Variable annuities are excellent products, but they can be extremely complex and must be carefully reviewed by potential purchasers.  Advisor One’s Melanie Waddell says that “FINRA and SEC Warn About Annuity Risks” in this new article.  The two organizations are concerned with variable annuity disclosures, suitability for consumers, and the practice of chasing high yields.  At the IRI’s regulatory conference, FINRA’s VP of member regulation programs said that the organization looks at variable annuities as extremely complex because of their many riders and other features.  They want to protect consumers and make sure that a review of variable annuity services shows companies are working ethically to inform the public.

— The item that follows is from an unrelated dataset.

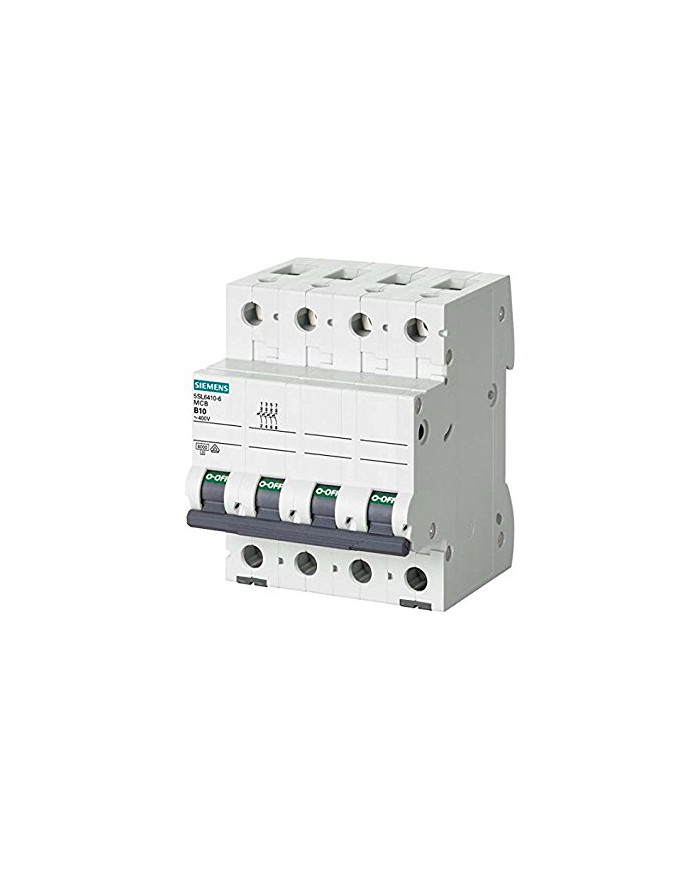 INTERRUTTORE MAGNETOTERMICO ICU 6KA 4P 4 M 25A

Sales of variable annuities went up 12% between 2010 and 2011, but the SEC’s associate director of the Division of Investment Management says it is worth noting that many players have left the game.  Some of the largest variable annuity sellers are either no longer selling the products or have drastically changed up what they offer.  She stresses that it is more important than ever to be careful what variable annuities are offered and ensure that investors are protected.  Investment materials need to be clear about the costs and the limitations associated with living benefit riders.  As investors have fewer investment choices within their variable annuities, they need to be informed about their new potential, or lack there-of, for gains.  FINRA and the SEC are simply reminding insurance companies to treat consumers well and reminding consumers to do their variable annuity reviewing.